Below is a listing; print exactly its lines from the one containing "Купуємо білу квасолю" down to the one containing "Плакат с изображение", both inclusive, with every picture left out.

Available records >>
***

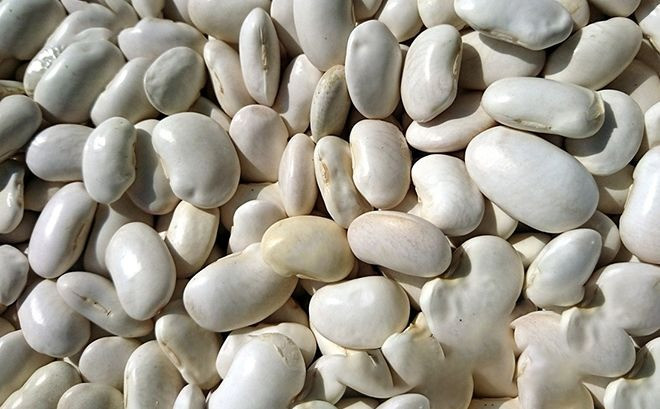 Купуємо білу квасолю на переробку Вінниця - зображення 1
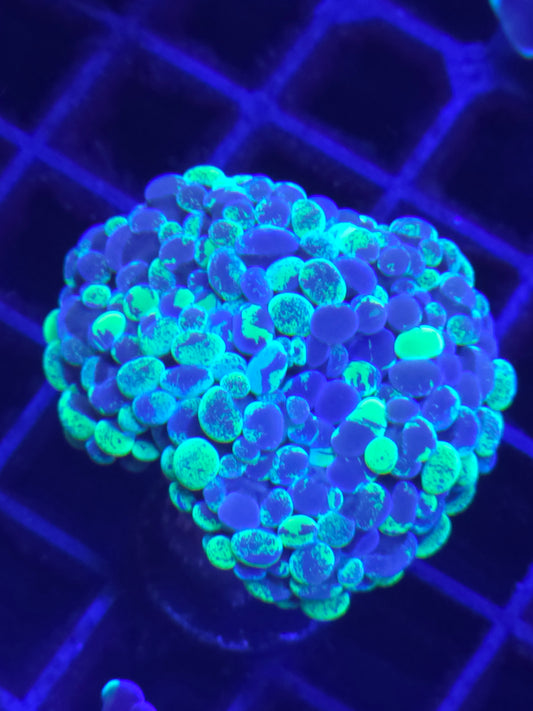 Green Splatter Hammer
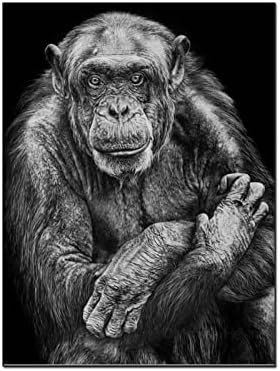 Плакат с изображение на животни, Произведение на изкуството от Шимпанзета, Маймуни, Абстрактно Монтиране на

***

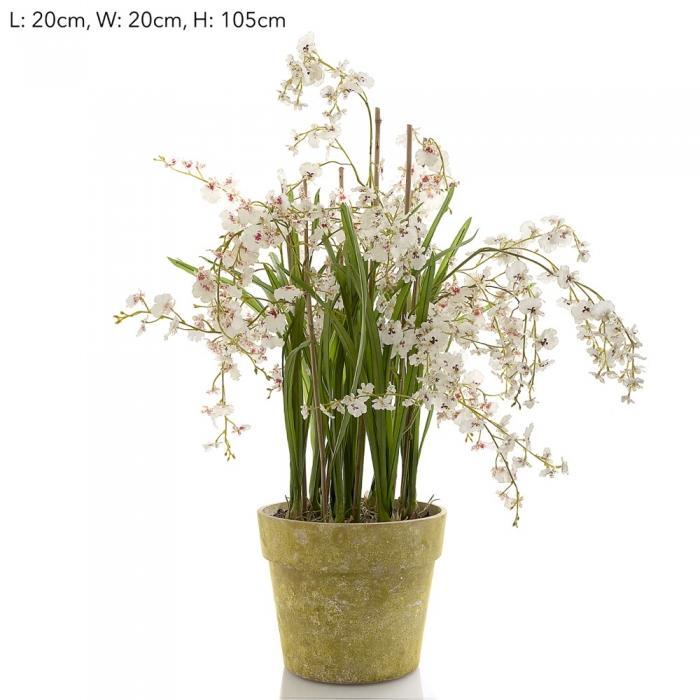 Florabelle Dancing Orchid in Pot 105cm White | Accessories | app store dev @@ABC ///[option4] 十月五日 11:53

***

Solution for this problem >>
 Купуємо білу квасолю на переробку Вінниця - зображення 1
 Green Splatter Hammer
 Плакат с изображение на животни, Произведение на изкуството от Шимпанзета, Маймуни, Абстрактно Монтиране на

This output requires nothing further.